Prep 20 mins
Cook 40 mins
These delicious meatballs are made with ground beef, and ground pork sausage, which they are then cooked in a tangy cranberry-tomato sauce. The sauce is made of 2 kinds of canned jellied cranberries, (cranberry and cran-raspberry) along with tomato soup and a bit of water. This is a good way to use up those leftover canned cranberries, after the holidays are over.

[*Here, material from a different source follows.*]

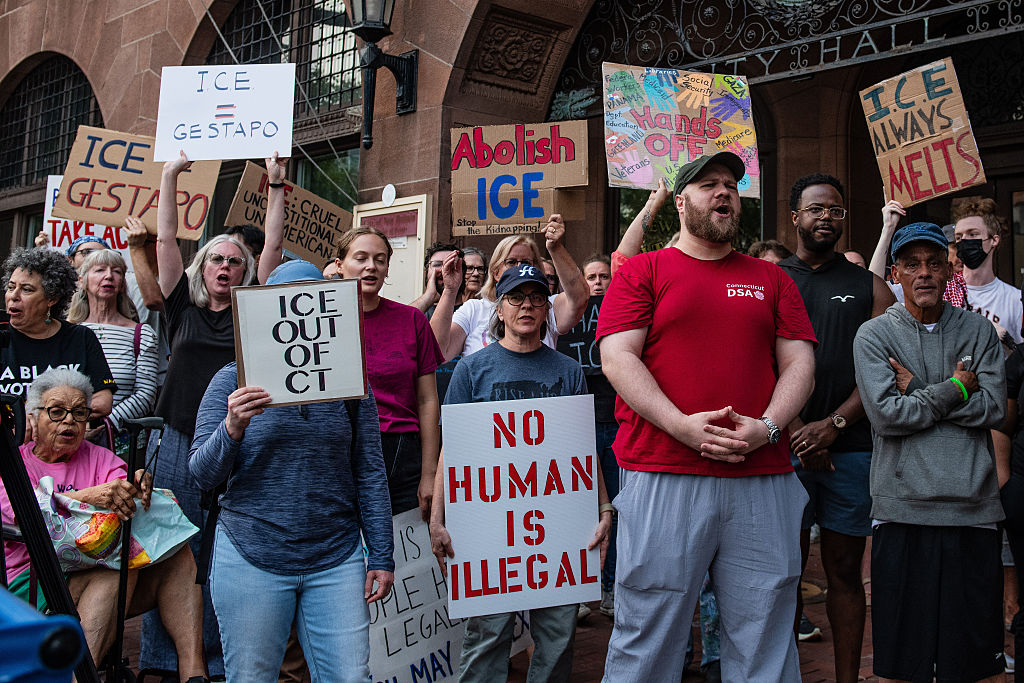 Protesters gather at the city hall with placards to protest...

Update about this recipe: I have noticed that the grocery stores, (at least where I live) no longer sale the jellied cran-raspberries, so I'm sure these meatballs will taste just as good using the regular jellied canned cranberry sauce.
- 1 3⁄4 lbs ground beef
- 8 ounces pork sausage (*See note)
- 1 medium onion, finely chopped
- 2 eggs, beaten
- 2 -3 teaspoons garlic, minced
- 3 -5 dashes salt & pepper
- 1 cup Italian style breadcrumbs
Tangy Cranberry Sauce
- 1 (16 ounce) canjelled ocean spray cranraspberry sauce
- 8 ounces jelled ocean spray cranberry sauce
- 1 (10 3/4 ounce) can tomato soup
- 3⁄4 cup water
- In a large bowl, mix all the meatball ingredients together.
- Shape into 34 (1 1/2-inch meatballs).
- Place on a greased (15 1/4 x 10 1/4 x 3/4-inch) baking sheet.
- Bake 20 minutes in a 350 degree oven.
- In the meantime, add both cranberry sauces and the can of tomato soup, in a Dutch Oven; mix together thoroughly.
- (I mix mine with a potato masher).
- Add water; stir until all is combined.
- When meatballs are done, add to the cranberry mixture.
- Cook over low heat (covered) for 20-25 minutes.
- We enjoy these with hot-cooked mashed potatoes.
- Note: For this recipe, I use seasoned ground pork sausage, which already has garlic, sage, salt, pepper, and onion in the sausage.